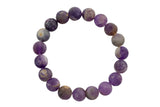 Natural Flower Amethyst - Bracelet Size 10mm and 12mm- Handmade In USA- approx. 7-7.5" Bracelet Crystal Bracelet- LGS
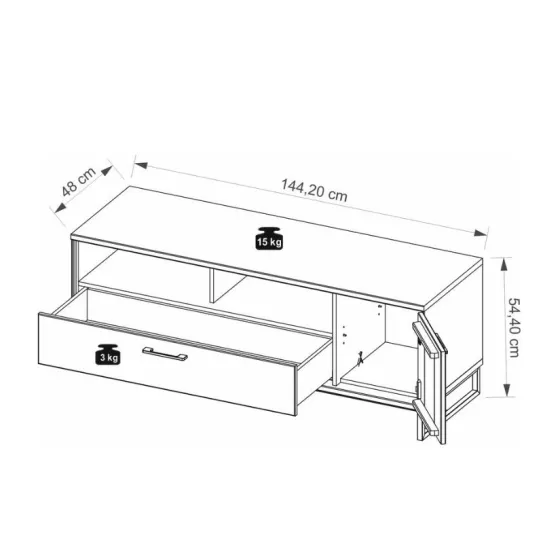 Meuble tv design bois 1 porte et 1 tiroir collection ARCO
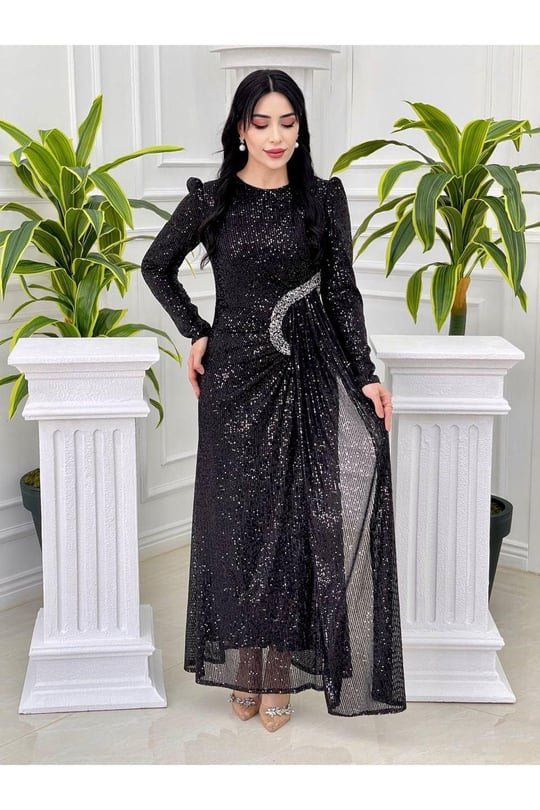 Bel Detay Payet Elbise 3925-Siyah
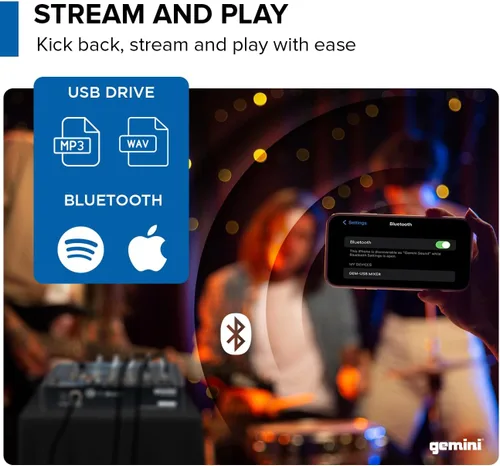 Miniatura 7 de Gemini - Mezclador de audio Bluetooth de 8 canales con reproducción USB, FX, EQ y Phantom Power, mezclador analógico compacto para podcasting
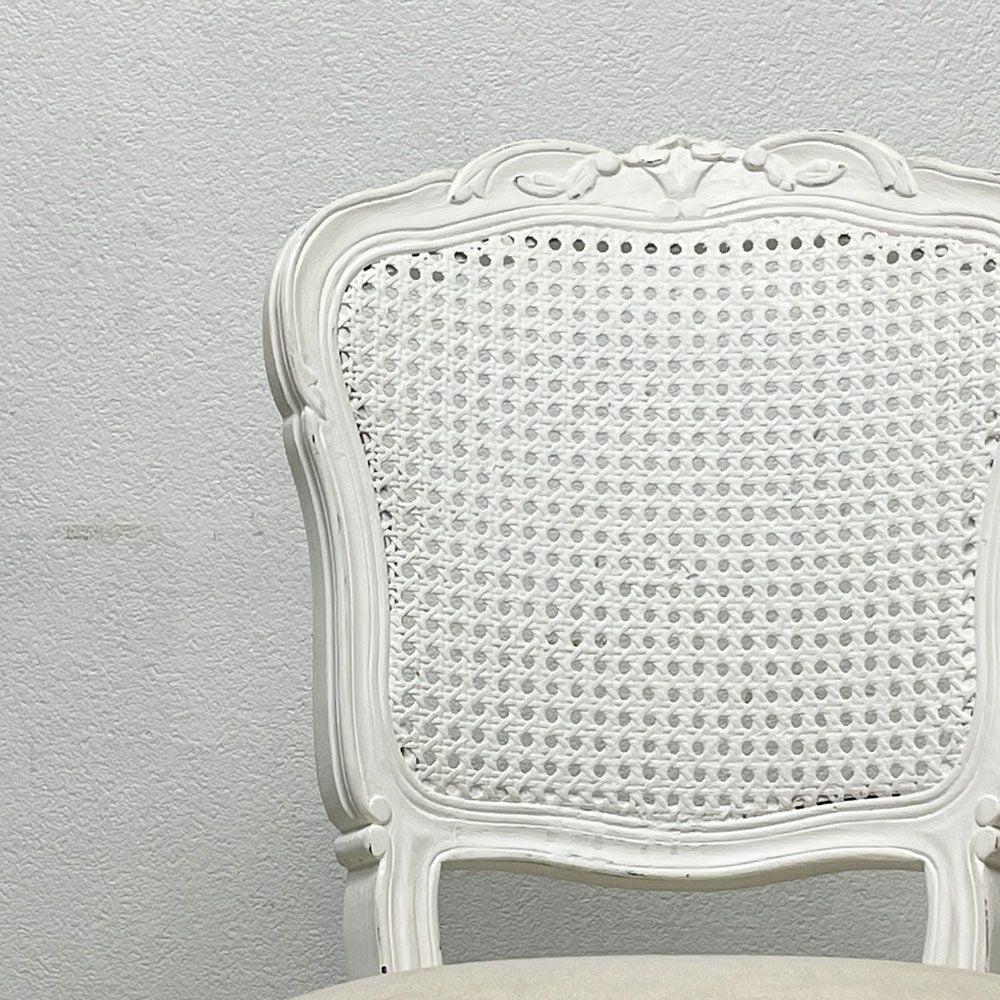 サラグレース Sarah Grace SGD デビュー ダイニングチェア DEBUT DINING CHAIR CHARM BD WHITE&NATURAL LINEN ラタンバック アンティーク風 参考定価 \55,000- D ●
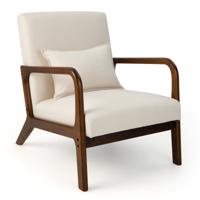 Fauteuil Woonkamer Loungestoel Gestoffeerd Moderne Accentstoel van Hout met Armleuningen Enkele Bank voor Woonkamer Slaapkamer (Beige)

----------

# [PROBLEM REQUIREMENTS]
Skipping all images, output the listing exactly.

# [TASK RESPONSE]
 Natural Flower Amethyst - Bracelet Size 10mm and 12mm- Handmade In USA- approx. 7-7.5" Bracelet Crystal Bracelet- LGS
 Meuble tv design bois 1 porte et 1 tiroir collection ARCO
 Bel Detay Payet Elbise 3925-Siyah
 Miniatura 7 de Gemini - Mezclador de audio Bluetooth de 8 canales con reproducción USB, FX, EQ y Phantom Power, mezclador analógico compacto para podcasting
 サラグレース Sarah Grace SGD デビュー ダイニングチェア DEBUT DINING CHAIR CHARM BD WHITE&NATURAL LINEN ラタンバック アンティーク風 参考定価 \55,000- D ●
 Fauteuil Woonkamer Loungestoel Gestoffeerd Moderne Accentstoel van Hout met Armleuningen Enkele Bank voor Woonkamer Slaapkamer (Beige)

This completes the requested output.